Directions:
The reply should consist of the full listing, repeated word for word.

Data extract:
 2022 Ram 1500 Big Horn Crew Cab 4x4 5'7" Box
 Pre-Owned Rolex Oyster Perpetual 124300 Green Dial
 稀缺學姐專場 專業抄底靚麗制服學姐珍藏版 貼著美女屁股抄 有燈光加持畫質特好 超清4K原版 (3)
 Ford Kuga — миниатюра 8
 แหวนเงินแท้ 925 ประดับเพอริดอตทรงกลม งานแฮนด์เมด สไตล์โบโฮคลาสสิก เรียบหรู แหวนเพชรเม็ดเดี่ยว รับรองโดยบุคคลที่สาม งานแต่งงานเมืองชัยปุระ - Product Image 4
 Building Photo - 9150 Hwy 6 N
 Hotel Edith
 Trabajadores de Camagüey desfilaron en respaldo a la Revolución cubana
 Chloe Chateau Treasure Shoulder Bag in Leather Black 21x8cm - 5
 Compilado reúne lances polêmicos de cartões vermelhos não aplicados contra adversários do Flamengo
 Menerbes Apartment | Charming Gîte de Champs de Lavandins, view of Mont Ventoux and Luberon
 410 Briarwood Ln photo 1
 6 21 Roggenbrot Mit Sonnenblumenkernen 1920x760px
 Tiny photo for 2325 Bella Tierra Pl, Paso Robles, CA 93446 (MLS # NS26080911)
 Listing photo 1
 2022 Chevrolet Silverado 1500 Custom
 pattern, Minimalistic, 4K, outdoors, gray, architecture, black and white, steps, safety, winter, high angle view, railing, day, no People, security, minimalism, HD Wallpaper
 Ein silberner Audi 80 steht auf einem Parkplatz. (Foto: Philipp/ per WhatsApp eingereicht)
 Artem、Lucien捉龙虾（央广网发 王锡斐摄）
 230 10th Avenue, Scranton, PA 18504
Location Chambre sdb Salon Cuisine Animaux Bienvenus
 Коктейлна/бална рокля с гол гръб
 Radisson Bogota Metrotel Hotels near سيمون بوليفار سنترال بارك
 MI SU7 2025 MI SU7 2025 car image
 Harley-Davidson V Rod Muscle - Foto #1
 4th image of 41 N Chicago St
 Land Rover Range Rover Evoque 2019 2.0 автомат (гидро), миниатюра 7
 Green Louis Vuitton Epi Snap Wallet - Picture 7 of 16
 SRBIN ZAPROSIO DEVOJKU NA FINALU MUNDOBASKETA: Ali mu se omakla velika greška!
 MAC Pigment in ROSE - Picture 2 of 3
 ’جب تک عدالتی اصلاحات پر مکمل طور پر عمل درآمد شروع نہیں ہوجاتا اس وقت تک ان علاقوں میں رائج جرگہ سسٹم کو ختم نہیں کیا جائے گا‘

Task result:
 2022 Ram 1500 Big Horn Crew Cab 4x4 5'7" Box
 Pre-Owned Rolex Oyster Perpetual 124300 Green Dial
 稀缺學姐專場 專業抄底靚麗制服學姐珍藏版 貼著美女屁股抄 有燈光加持畫質特好 超清4K原版 (3)
 Ford Kuga — миниатюра 8
 แหวนเงินแท้ 925 ประดับเพอริดอตทรงกลม งานแฮนด์เมด สไตล์โบโฮคลาสสิก เรียบหรู แหวนเพชรเม็ดเดี่ยว รับรองโดยบุคคลที่สาม งานแต่งงานเมืองชัยปุระ - Product Image 4
 Building Photo - 9150 Hwy 6 N
 Hotel Edith
 Trabajadores de Camagüey desfilaron en respaldo a la Revolución cubana
 Chloe Chateau Treasure Shoulder Bag in Leather Black 21x8cm - 5
 Compilado reúne lances polêmicos de cartões vermelhos não aplicados contra adversários do Flamengo
 Menerbes Apartment | Charming Gîte de Champs de Lavandins, view of Mont Ventoux and Luberon
 410 Briarwood Ln photo 1
 6 21 Roggenbrot Mit Sonnenblumenkernen 1920x760px
 Tiny photo for 2325 Bella Tierra Pl, Paso Robles, CA 93446 (MLS # NS26080911)
 Listing photo 1
 2022 Chevrolet Silverado 1500 Custom
 pattern, Minimalistic, 4K, outdoors, gray, architecture, black and white, steps, safety, winter, high angle view, railing, day, no People, security, minimalism, HD Wallpaper
 Ein silberner Audi 80 steht auf einem Parkplatz. (Foto: Philipp/ per WhatsApp eingereicht)
 Artem、Lucien捉龙虾（央广网发 王锡斐摄）
 230 10th Avenue, Scranton, PA 18504
Location Chambre sdb Salon Cuisine Animaux Bienvenus
 Коктейлна/бална рокля с гол гръб
 Radisson Bogota Metrotel Hotels near سيمون بوليفار سنترال بارك
 MI SU7 2025 MI SU7 2025 car image
 Harley-Davidson V Rod Muscle - Foto #1
 4th image of 41 N Chicago St
 Land Rover Range Rover Evoque 2019 2.0 автомат (гидро), миниатюра 7
 Green Louis Vuitton Epi Snap Wallet - Picture 7 of 16
 SRBIN ZAPROSIO DEVOJKU NA FINALU MUNDOBASKETA: Ali mu se omakla velika greška!
 MAC Pigment in ROSE - Picture 2 of 3
 ’جب تک عدالتی اصلاحات پر مکمل طور پر عمل درآمد شروع نہیں ہوجاتا اس وقت تک ان علاقوں میں رائج جرگہ سسٹم کو ختم نہیں کیا جائے گا‘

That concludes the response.